Member of the Nebraska Legislature from the 23rd district
- In office January 6, 1969 – January 6, 1993
- Preceded by: Harold Stryker
- Succeeded by: Curt Bromm

Personal details
- Born: August 14, 1929 Butler County, Nebraska, U.S.
- Died: September 17, 2025 (aged 96) Bellwood, Nebraska, U.S.
- Party: Republican
- Spouse: Irene Schmit
- Children: 10
- Education: University of Nebraska (BS)

= Loran Schmit =

American politician (1929–2025)

Loran C. Schmit (August 14, 1929 – September 17, 2025) was an American politician in the state of Nebraska. He served as a state senator from Bellwood, Nebraska, in the Nebraska Legislature, from 1969 to 1993.

==Background==
Schmit was born on August 14, 1929, on a farm in Butler County, Nebraska, seven miles east of Bellwood, Nebraska, to Nick and Loretta Schmit. He attended Columbus High School in Columbus, Nebraska, and then went on to attend the University of Nebraska, graduating with a Bachelor of Science degree in agriculture in 1950. Schmit then married Irene Squire in 1950, and they had ten children. At various times in his life, he worked as both an agriculture teacher and a commercial helicopter pilot who would dynamite ice jams on the Platte River, but his primary occupation was as a farmer.

==State legislature==
Schmit was elected to the legislature in 1968 to represent the 23rd Nebraska legislative district. He was consistently reelected until he was defeated for reelection in November 1992. In 1971, he was elected chairman of the Agriculture Committee, at a time when Nebraska established the state natural resource districts (NRDs). During his 24 years of service in the Nebraska Legislature, Schmit supported legislation that helped build the ethanol industry, created the state's expressway system, allowed physician assistants to practice in Nebraska, and created the Nebraska Ombudsman's Office and the Department of Environmental Control. He also pushed back on supermarkets such as Safeway which he claimed were fixing prices on meat, to the detriment of Nebraska's cattle industry, and he also supported local slot-machine gambling as a means of reducing property taxes.

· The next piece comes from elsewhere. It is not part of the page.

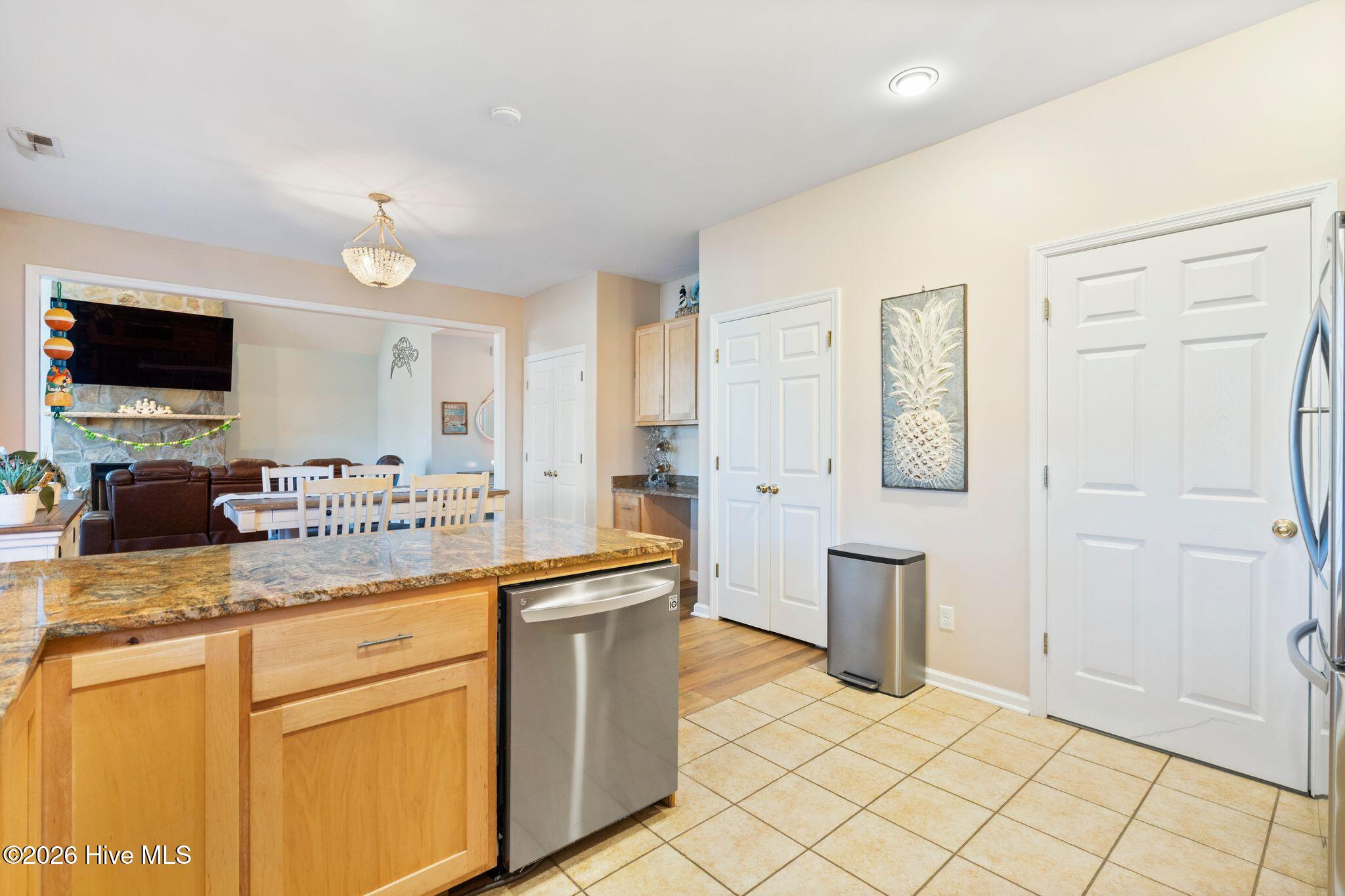 100554284 | Photo 17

For his work on ethanol, Schmit was recognized by Nebraska Governor Charles Thone as "almost singlehandedly forcing a seemingly reluctant nation to examine the use of grain alcohol as a nonpolluting renewable source of energy." Nebraska state labor commissioner and son-in-law of Schmit John Albin said, "I don’t think there would be an ethanol industry in this nation without him. He would just not give up."

In 1988, Schmit chaired a committee that led an investigation into the collapse of the Franklin Community Federal Credit Union in Omaha, Nebraska, during the Franklin child prostitution ring allegations, which included allegations of embezzlement and child prostitution which were explored by the committee.

==Congressional campaign==
In 1978, after almost ten years in the Nebraska Legislature, Schmit ran for an open seat in the United States House of Representatives in Nebraska's 1st congressional district to replace Charles Thone, who was running for Governor of Nebraska. He faced fellow state senator Doug Bereuter in the primary and was thought by some to be the frontrunner, but he was ultimately defeated by Bereuter by 3,200 votes.

==Later life and death==
After leaving the Nebraska Legislature, Schmit became a lobbyist for the ethanol industry in Nebraska and served in other various capacities with the state's natural resource districts.

Schmit died at his home in Bellwood, Nebraska, on September 17, 2025, at the age of 96.